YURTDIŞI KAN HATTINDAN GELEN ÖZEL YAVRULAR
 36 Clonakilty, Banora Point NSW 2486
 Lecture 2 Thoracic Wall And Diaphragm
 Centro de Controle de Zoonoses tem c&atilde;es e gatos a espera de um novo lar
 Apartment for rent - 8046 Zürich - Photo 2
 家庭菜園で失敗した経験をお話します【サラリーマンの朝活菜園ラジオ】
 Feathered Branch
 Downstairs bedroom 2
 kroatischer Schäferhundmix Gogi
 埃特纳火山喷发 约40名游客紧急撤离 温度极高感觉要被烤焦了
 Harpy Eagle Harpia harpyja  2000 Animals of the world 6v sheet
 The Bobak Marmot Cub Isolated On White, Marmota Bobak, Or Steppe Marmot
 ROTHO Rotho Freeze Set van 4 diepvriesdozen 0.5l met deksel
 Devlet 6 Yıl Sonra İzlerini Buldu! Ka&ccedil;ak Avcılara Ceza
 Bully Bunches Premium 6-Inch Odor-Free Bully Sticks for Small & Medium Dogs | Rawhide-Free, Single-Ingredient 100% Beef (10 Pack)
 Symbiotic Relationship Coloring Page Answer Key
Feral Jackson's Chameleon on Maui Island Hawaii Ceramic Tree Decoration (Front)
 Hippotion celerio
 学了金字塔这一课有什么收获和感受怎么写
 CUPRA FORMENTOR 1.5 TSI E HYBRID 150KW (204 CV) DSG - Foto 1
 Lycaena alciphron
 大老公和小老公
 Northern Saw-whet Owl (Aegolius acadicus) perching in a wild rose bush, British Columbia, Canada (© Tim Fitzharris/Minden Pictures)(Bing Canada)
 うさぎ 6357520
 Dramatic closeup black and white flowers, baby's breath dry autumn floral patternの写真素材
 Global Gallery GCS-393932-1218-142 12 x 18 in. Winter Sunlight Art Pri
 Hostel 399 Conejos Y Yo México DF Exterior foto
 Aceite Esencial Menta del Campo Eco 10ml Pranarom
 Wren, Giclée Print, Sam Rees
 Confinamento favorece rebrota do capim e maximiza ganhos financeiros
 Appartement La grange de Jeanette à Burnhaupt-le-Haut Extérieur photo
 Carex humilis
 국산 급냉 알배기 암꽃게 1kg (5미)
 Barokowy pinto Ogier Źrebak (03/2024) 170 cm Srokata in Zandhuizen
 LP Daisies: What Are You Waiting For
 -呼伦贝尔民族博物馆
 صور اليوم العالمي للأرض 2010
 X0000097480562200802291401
● ● ● ● ● ● ●
» **What is being asked**
Reproduce the records word for word.

» **Result of this exercise**
YURTDIŞI KAN HATTINDAN GELEN ÖZEL YAVRULAR
 36 Clonakilty, Banora Point NSW 2486
 Lecture 2 Thoracic Wall And Diaphragm
 Centro de Controle de Zoonoses tem c&atilde;es e gatos a espera de um novo lar
 Apartment for rent - 8046 Zürich - Photo 2
 家庭菜園で失敗した経験をお話します【サラリーマンの朝活菜園ラジオ】
 Feathered Branch
 Downstairs bedroom 2
 kroatischer Schäferhundmix Gogi
 埃特纳火山喷发 约40名游客紧急撤离 温度极高感觉要被烤焦了
 Harpy Eagle Harpia harpyja  2000 Animals of the world 6v sheet
 The Bobak Marmot Cub Isolated On White, Marmota Bobak, Or Steppe Marmot
 ROTHO Rotho Freeze Set van 4 diepvriesdozen 0.5l met deksel
 Devlet 6 Yıl Sonra İzlerini Buldu! Ka&ccedil;ak Avcılara Ceza
 Bully Bunches Premium 6-Inch Odor-Free Bully Sticks for Small & Medium Dogs | Rawhide-Free, Single-Ingredient 100% Beef (10 Pack)
 Symbiotic Relationship Coloring Page Answer Key
Feral Jackson's Chameleon on Maui Island Hawaii Ceramic Tree Decoration (Front)
 Hippotion celerio
 学了金字塔这一课有什么收获和感受怎么写
 CUPRA FORMENTOR 1.5 TSI E HYBRID 150KW (204 CV) DSG - Foto 1
 Lycaena alciphron
 大老公和小老公
 Northern Saw-whet Owl (Aegolius acadicus) perching in a wild rose bush, British Columbia, Canada (© Tim Fitzharris/Minden Pictures)(Bing Canada)
 うさぎ 6357520
 Dramatic closeup black and white flowers, baby's breath dry autumn floral patternの写真素材
 Global Gallery GCS-393932-1218-142 12 x 18 in. Winter Sunlight Art Pri
 Hostel 399 Conejos Y Yo México DF Exterior foto
 Aceite Esencial Menta del Campo Eco 10ml Pranarom
 Wren, Giclée Print, Sam Rees
 Confinamento favorece rebrota do capim e maximiza ganhos financeiros
 Appartement La grange de Jeanette à Burnhaupt-le-Haut Extérieur photo
 Carex humilis
 국산 급냉 알배기 암꽃게 1kg (5미)
 Barokowy pinto Ogier Źrebak (03/2024) 170 cm Srokata in Zandhuizen
 LP Daisies: What Are You Waiting For
 -呼伦贝尔民族博物馆
 صور اليوم العالمي للأرض 2010
 X0000097480562200802291401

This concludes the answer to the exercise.